---- Task inputs

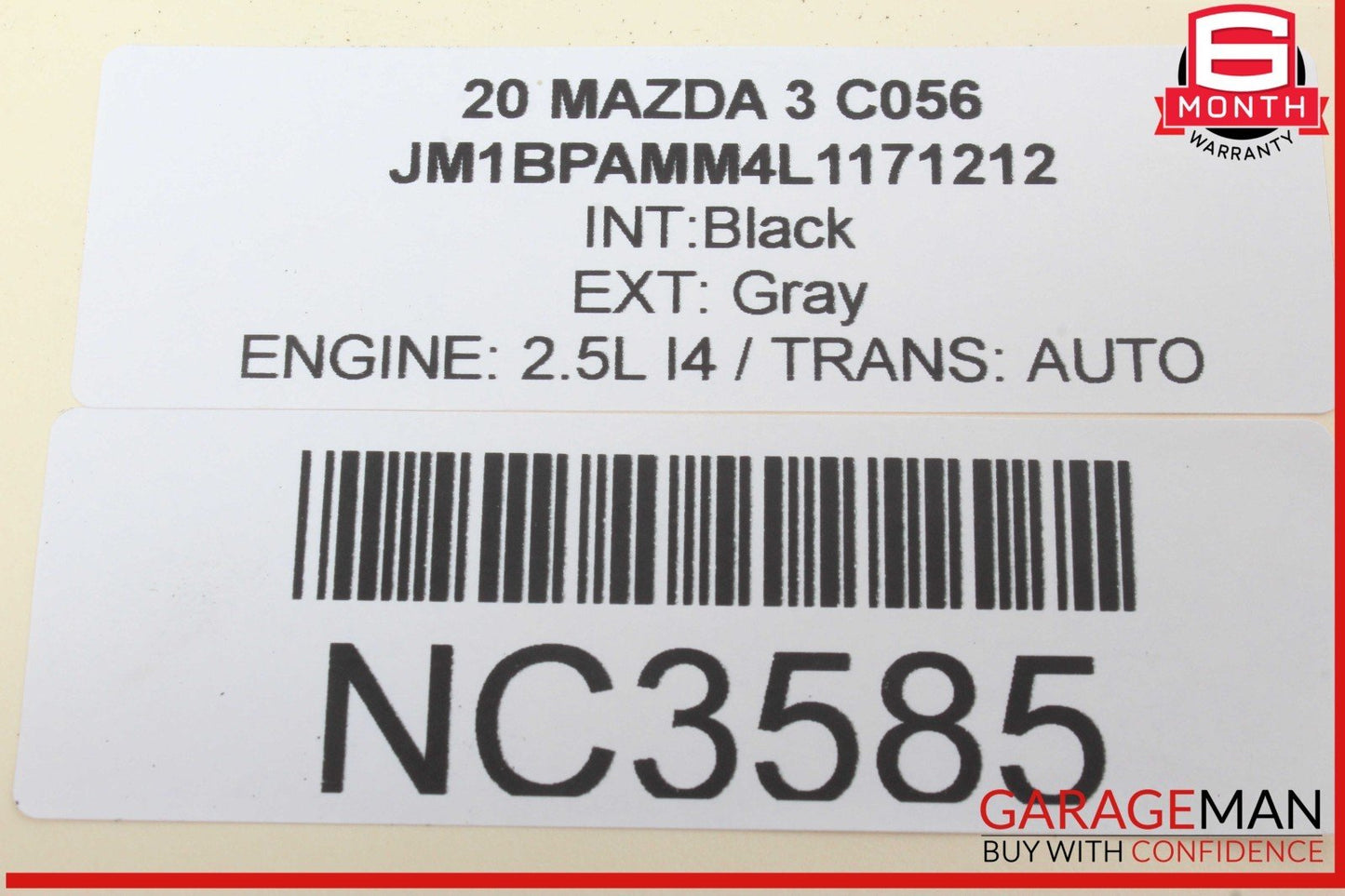 19-23 Mazda 3 Front Right Passenger Side Door Lock Latch Actuator OEM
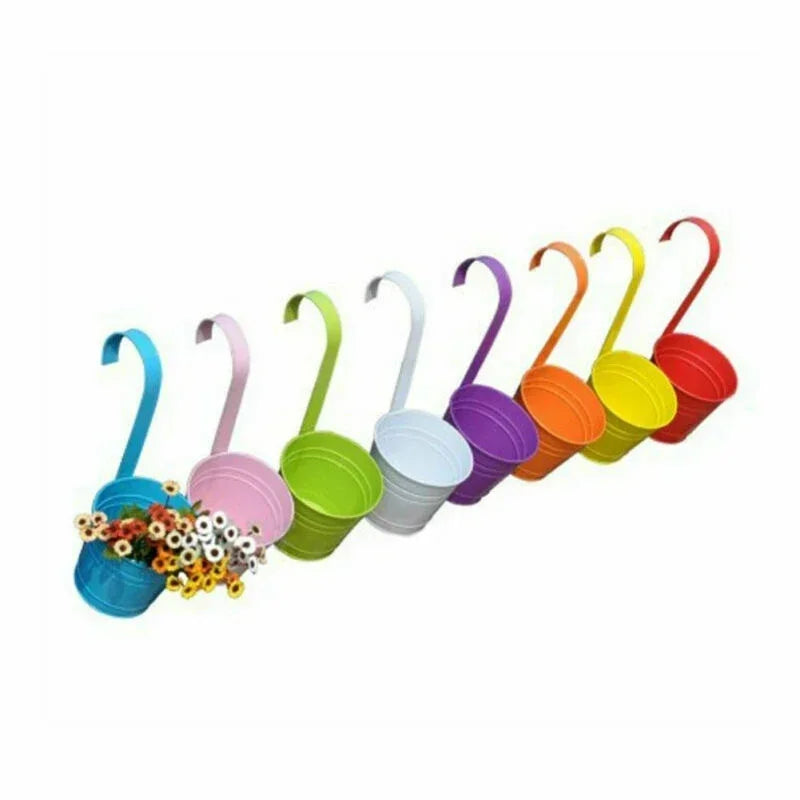 10-Color Metal Flower Pot Hooks – Hanging Garden Planters
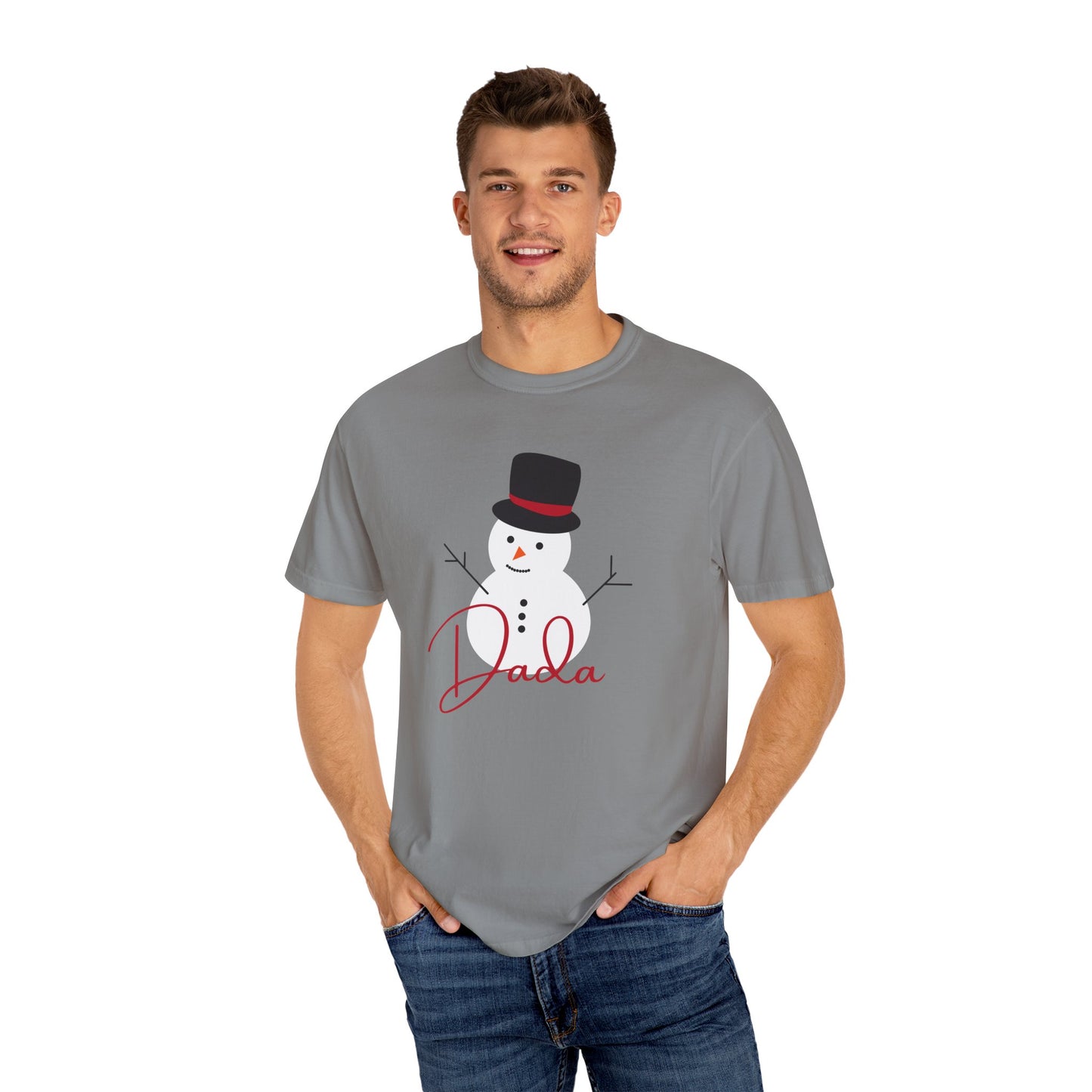 Dada Snowman | Unisex Garment-Dyed T-shirt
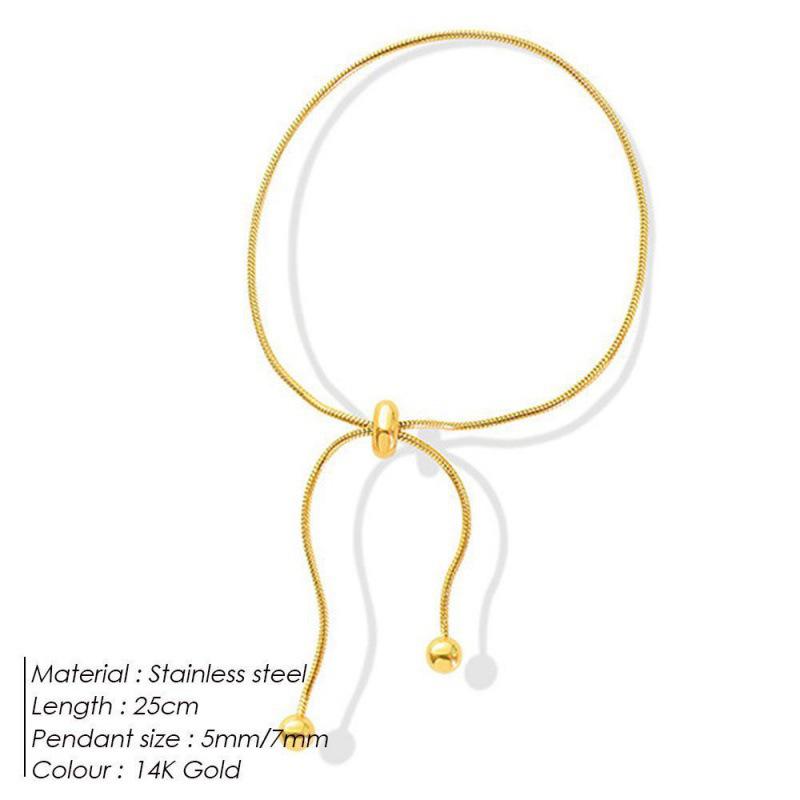 St.delan Women's Minimalist Stainless Steel Snake Bone Bracelet with Adjustable Drawstring Design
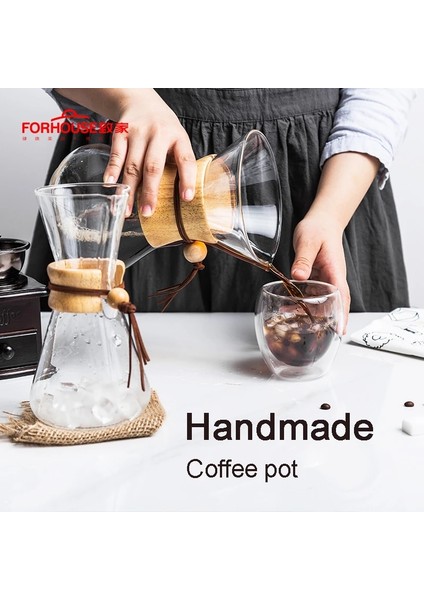 Cam Huni Tarzı 600MLML Isıya Dayanıklı Cam Cezve Kahve Bira Fincanları Sayılan Kahve Makinesi Barista Percolator (Yurt Dışından) indirimleri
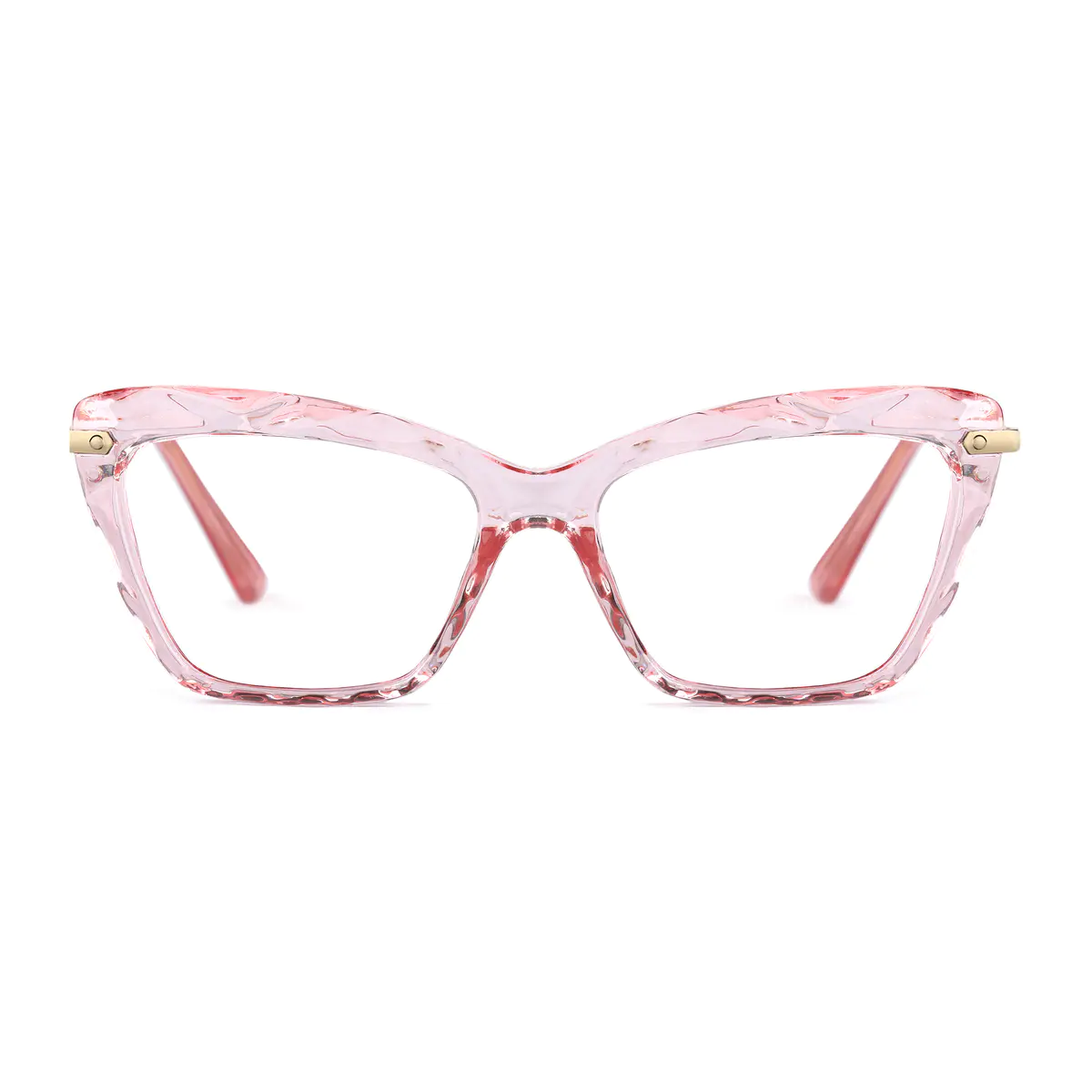 Cat-eye Transparent Pink Eyeglasses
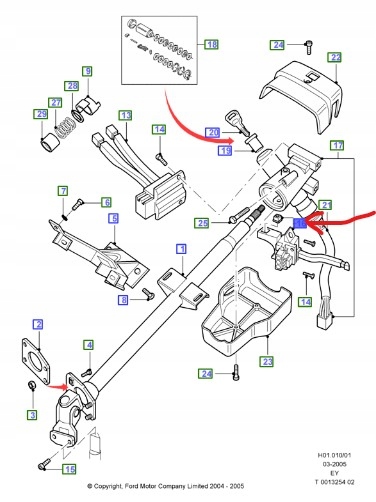 фото №1, Важіль поворотники ford transit mk4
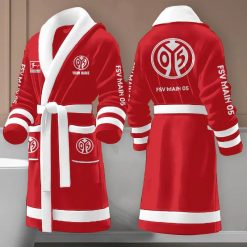 1. FSV Mainz 05 Individueller Name Neue Edition Fleece-Bademantel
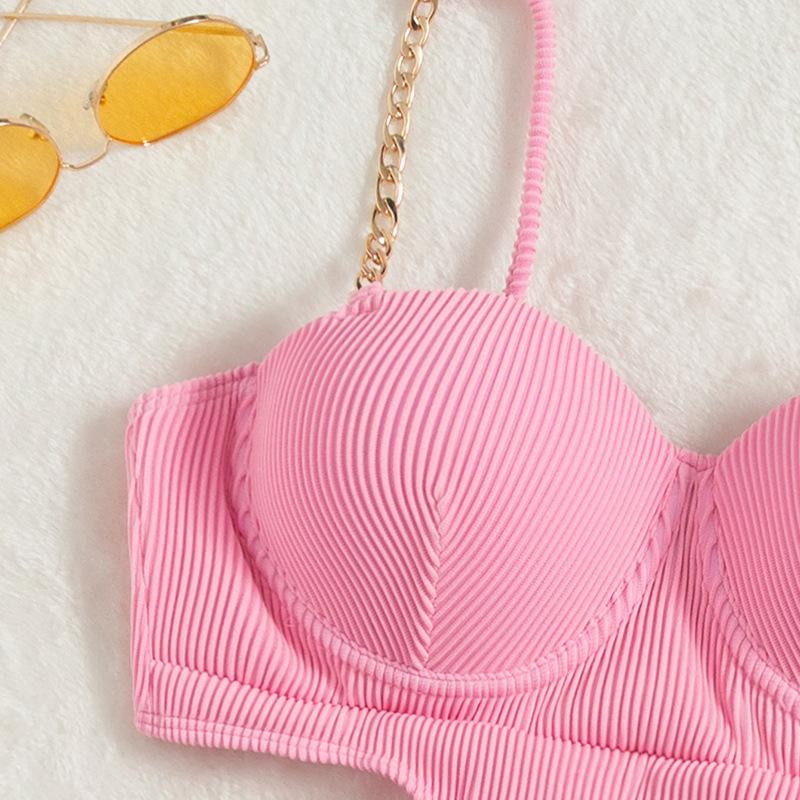 Женское бикини, сексуальный купальный костюм с высокой талией, пляжный купальник, женский летний купальник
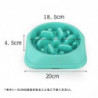 New Pet Dog Bowl Slow Feeder Plastic Anti Choking Puppy Cat Eating Dish Bowl Anti-gulping Food Plate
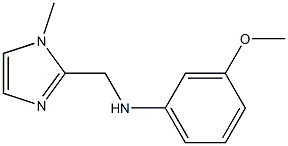 C-(3-METHOXY-PHENYL)-C-(1-METHYL-1H-IMIDAZOL-2-YL)-METHYLAMINE Struktur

--------

== What the exercise asks ==
Begin with the line that contains "Женское бикини, сексуальный" and repeat every line through the end of the data, exactly and only those lines, leaving out the pictures.

== Solution ==
 Женское бикини, сексуальный купальный костюм с высокой талией, пляжный купальник, женский летний купальник
 New Pet Dog Bowl Slow Feeder Plastic Anti Choking Puppy Cat Eating Dish Bowl Anti-gulping Food Plate
 C-(3-METHOXY-PHENYL)-C-(1-METHYL-1H-IMIDAZOL-2-YL)-METHYLAMINE Struktur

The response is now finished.